Michelle Huneven’s delightful new novel “Search” reveals the inner workings of just such a committee. It takes the form of a comic memoir-with-recipes by a restaurant critic and food writer enlisted to help pick a senior minister of her progressive Unitarian Universalist congregation in Southern California.
The opportunity arrives just when Dana Potowski is despairing of ever finding a subject for her next book. Then it occurs to her that the yearlong search is likely to yield enough material for her to add to the “recent flurry of books about intensive 12-month undertakings: a year of reading only the Bible; a year having sex every day.”
But is it ethical? She decides that by the time the book is ready to be published, no one will really care and besides, she will change names and identifying details. So begins her surreptitious note-taking as the committee— whose work is strictly confidential — begins its endless rounds of meetings and interviews with candidates across the country. The comic twist is that the shenanigans of some of the principals, both committee members and clergy, are as twisted and weird as what we’ve come to expect on Wall Street or in Washington — and the book becomes a best seller.
Fans of Huneven’s four previous novels will recognize familiar themes in “Search,” including alcoholism, recovery and the restorative power of gardening, cooking and a spiritual practice. That doesn’t keep her fictional alter ego from poking fun at the liberal pieties of the Unitarian denomination, where services might include “drumming and bowing to the four directions and rattling of rain sticks” and one of the committee members is a polyamorous mixologist who plays Dana’s least favorite instrument, handbells.

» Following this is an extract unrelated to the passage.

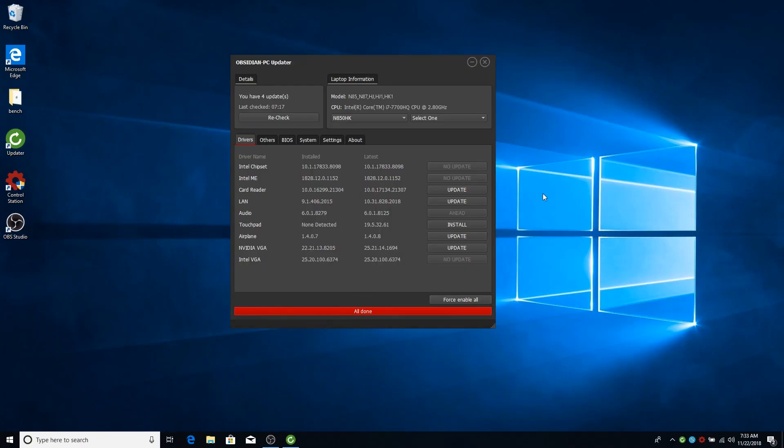Hi guys, this is John. I'm the lead coder for Obsidian PC and today we will be checking out our updater software.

Like her wry and thoughtful narrator, Huneven has worked as a food writer (for LA Weekly and the Los Angeles Times) and spent time in seminary. In writing about either subject — whether it’s the fried eggrolls at Dana’s favorite Vietnamese restaurant or the spiritual epiphany that draws her back to church — Huneven has total command of her material.
At times the novel, at over 350 pages without the recipes, feels a bit baggy. A couple plot devices go nowhere, including Dana’s attraction to a fellow committee member. But Huneven is such a smart and funny writer that readers are likely to give her a pass for choosing abundance over austerity.